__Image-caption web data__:
-- Opening Marker --
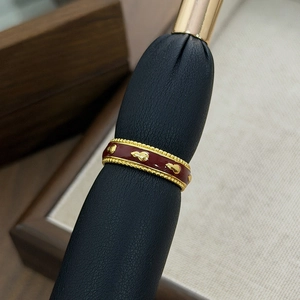 Macro shot of vintage gold-plated ring with burgundy enamel and fine milgrain textures
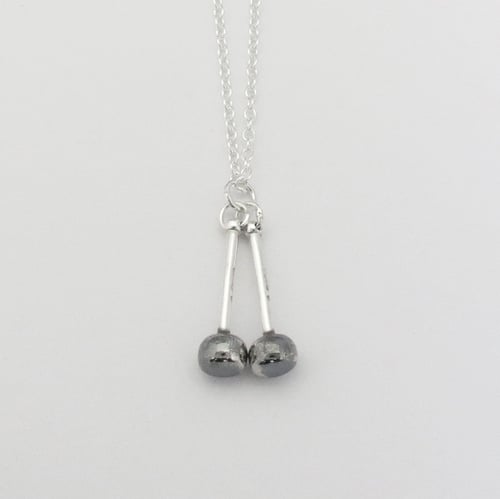 Image of Silver and Black Tenor Sticks Pendant
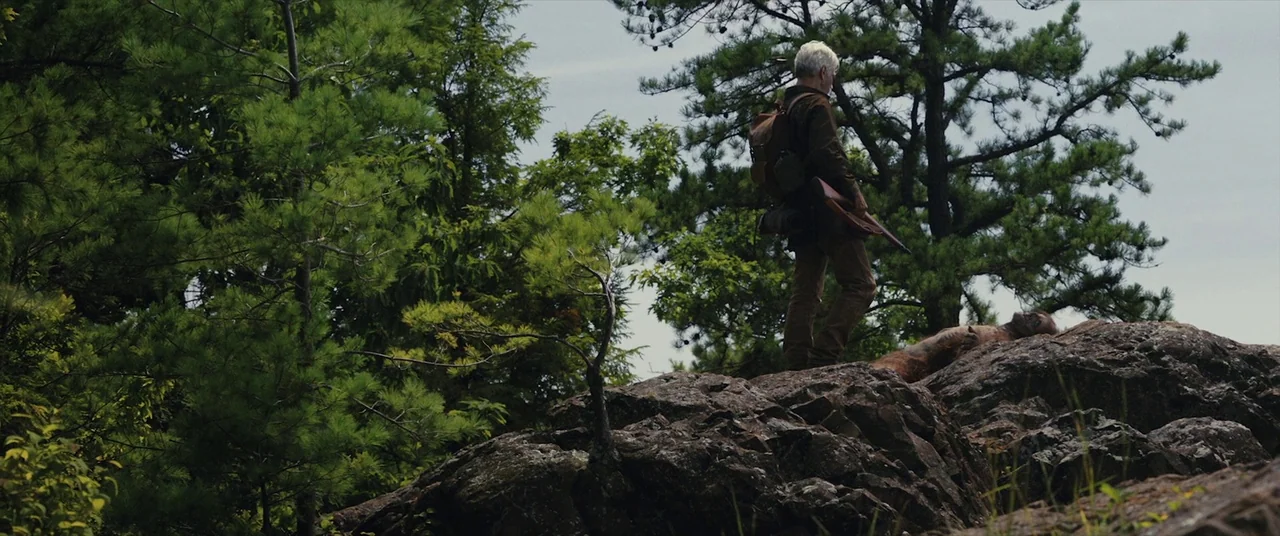 The Man Who Killed Hitler and Then the Bigfoot (2018) movie still: wide — A high, rocky outcrop is surrounded by dense pine trees under an overcast…
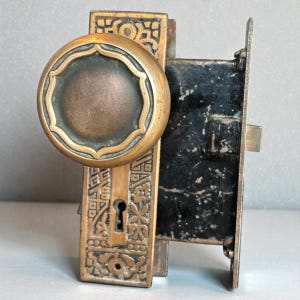 May include: Antique brass door knob and lock set. The knob is round with a decorative edge and a dark center. The lock plate and surrounding hardware feature intricate embossed patterns. The metal has a weathered appearance.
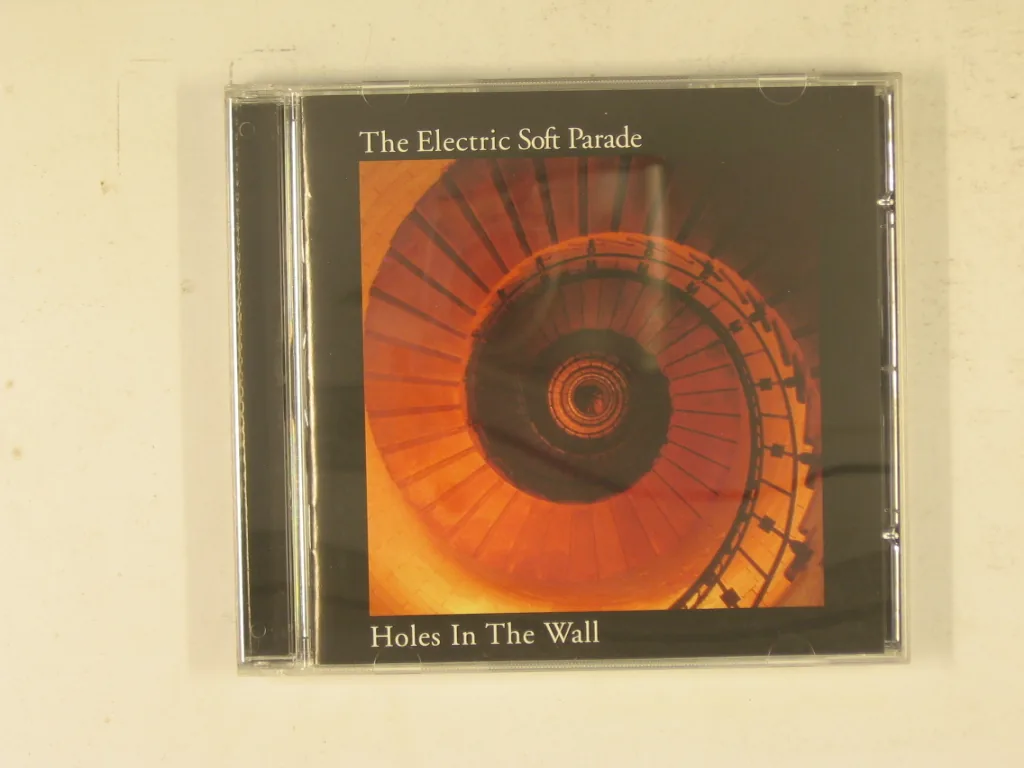 Copertina di Holes In The Wall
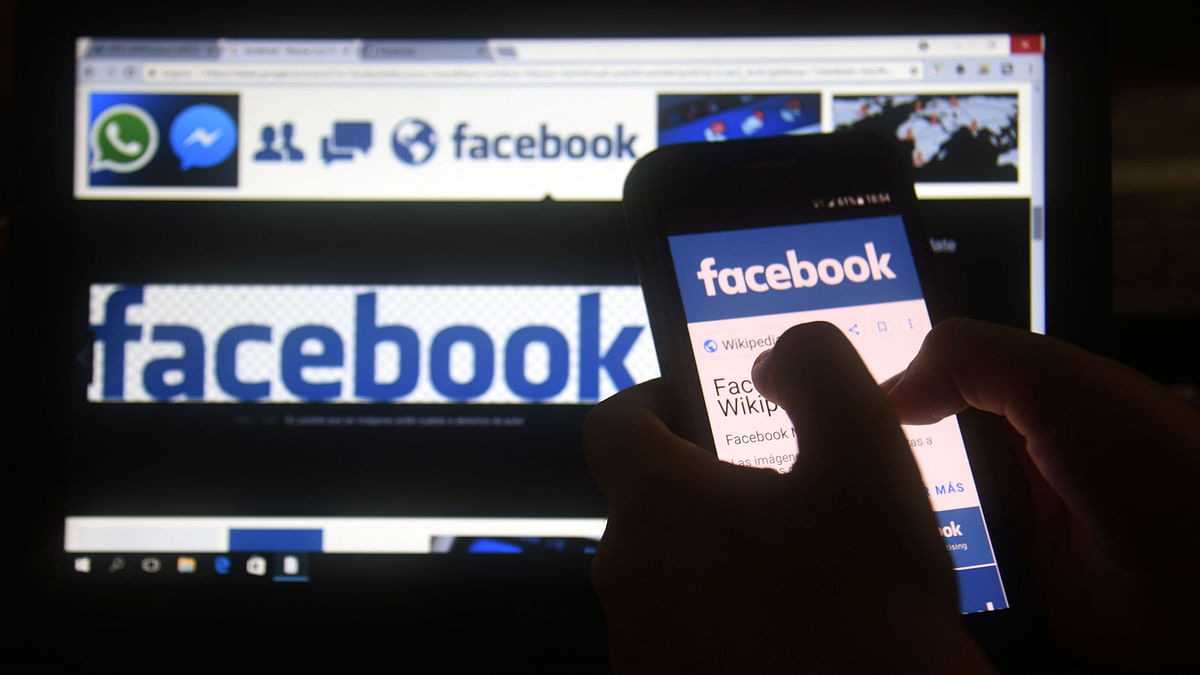 In this file photo taken on 22 March, 2018 a cellphone and a computer screen display the logo of the social networking site Facebook in Asuncion. Photo: AFP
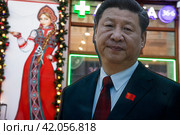 Ростовая картонная фигура председателя Китайской Народной Республики Си Цзиньпина установлена у сувенирного магазина на улице Арбат в центре города Москвы, Россия (2024 год). Редакционное фото, фотограф Николай Винокуров / Фотобанк Лори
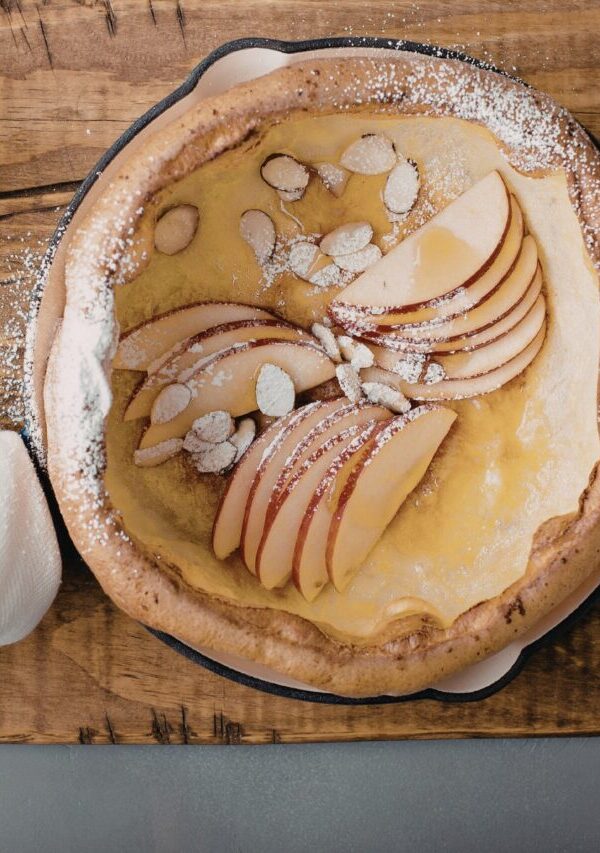 Overhead image of Dutch Baby in a skillet with apples and almonds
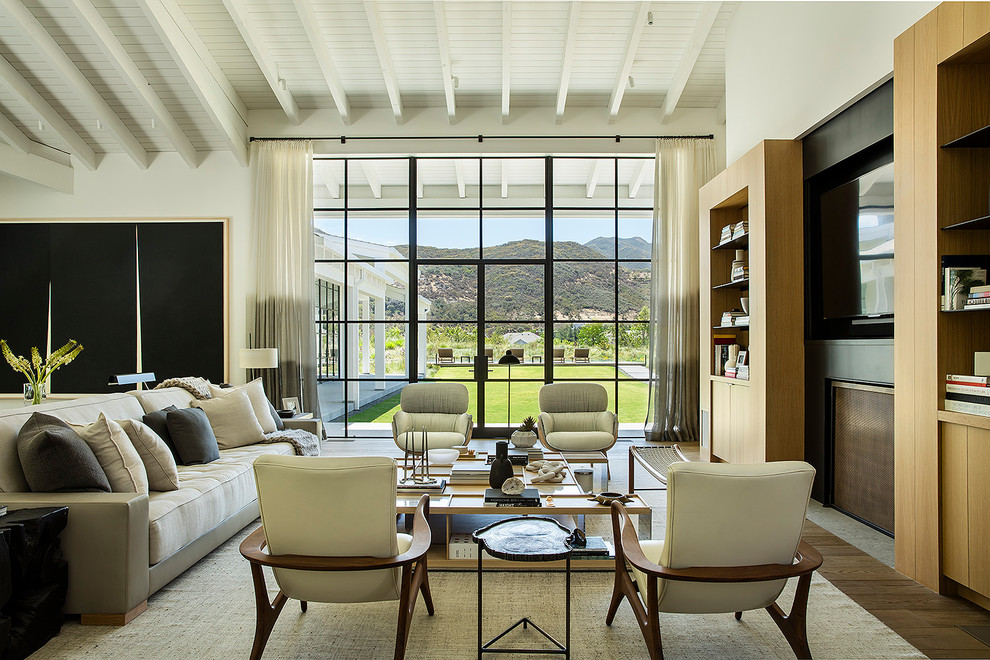 Immagine di un soggiorno country con pareti bianche, pavimento in legno massello medio, camino classico, TV a parete e pavimento marrone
-- Closing Marker --
Your answer must be the lines from the one holding "Overhead image of" through the final line of the records above, exactly as written and without any pictures.

 Overhead image of Dutch Baby in a skillet with apples and almonds
 Immagine di un soggiorno country con pareti bianche, pavimento in legno massello medio, camino classico, TV a parete e pavimento marrone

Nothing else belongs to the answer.